Scan the records that follow, and whenever a line has the word "Jeans", copy it.

▶ **Data excerpts**:
= = = = =
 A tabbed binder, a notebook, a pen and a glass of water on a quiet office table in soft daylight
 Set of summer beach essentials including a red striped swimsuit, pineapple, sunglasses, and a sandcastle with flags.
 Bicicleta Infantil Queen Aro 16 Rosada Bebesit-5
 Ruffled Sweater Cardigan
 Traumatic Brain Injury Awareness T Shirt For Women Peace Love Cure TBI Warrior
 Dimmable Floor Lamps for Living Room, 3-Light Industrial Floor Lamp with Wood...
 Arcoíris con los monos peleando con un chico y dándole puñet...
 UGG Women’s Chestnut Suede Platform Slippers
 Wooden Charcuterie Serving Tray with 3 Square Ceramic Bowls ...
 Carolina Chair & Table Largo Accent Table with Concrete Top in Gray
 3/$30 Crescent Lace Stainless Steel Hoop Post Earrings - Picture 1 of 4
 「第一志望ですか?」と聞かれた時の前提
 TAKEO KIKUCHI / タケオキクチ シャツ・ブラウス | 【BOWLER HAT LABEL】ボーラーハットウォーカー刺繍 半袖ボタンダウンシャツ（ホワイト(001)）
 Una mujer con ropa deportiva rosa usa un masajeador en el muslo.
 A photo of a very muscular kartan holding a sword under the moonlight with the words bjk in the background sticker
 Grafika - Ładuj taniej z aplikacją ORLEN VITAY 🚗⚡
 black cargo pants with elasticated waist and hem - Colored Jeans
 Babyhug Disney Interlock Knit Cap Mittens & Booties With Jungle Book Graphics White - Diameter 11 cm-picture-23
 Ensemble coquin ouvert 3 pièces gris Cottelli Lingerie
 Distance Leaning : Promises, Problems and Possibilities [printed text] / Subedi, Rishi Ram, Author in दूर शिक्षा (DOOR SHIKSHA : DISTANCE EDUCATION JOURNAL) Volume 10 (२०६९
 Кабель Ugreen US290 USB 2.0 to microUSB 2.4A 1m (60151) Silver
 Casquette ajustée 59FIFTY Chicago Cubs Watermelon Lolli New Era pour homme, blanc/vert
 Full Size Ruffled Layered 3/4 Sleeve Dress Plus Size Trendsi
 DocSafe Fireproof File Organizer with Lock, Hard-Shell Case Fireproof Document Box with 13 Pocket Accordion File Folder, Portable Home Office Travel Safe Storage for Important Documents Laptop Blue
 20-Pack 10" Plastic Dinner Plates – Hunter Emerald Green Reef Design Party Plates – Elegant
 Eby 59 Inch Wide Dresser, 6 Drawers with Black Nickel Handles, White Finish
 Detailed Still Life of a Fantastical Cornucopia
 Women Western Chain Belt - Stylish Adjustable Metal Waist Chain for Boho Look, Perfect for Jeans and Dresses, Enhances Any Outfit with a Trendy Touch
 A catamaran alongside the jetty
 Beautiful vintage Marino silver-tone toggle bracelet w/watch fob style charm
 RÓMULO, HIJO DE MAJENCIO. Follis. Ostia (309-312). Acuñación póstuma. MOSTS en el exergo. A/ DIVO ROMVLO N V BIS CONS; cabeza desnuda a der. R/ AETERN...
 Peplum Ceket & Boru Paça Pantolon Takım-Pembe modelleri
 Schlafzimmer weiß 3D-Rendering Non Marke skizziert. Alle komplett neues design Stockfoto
= = = = =
▶ **Task output**:
 black cargo pants with elasticated waist and hem - Colored Jeans
 Women Western Chain Belt - Stylish Adjustable Metal Waist Chain for Boho Look, Perfect for Jeans and Dresses, Enhances Any Outfit with a Trendy Touch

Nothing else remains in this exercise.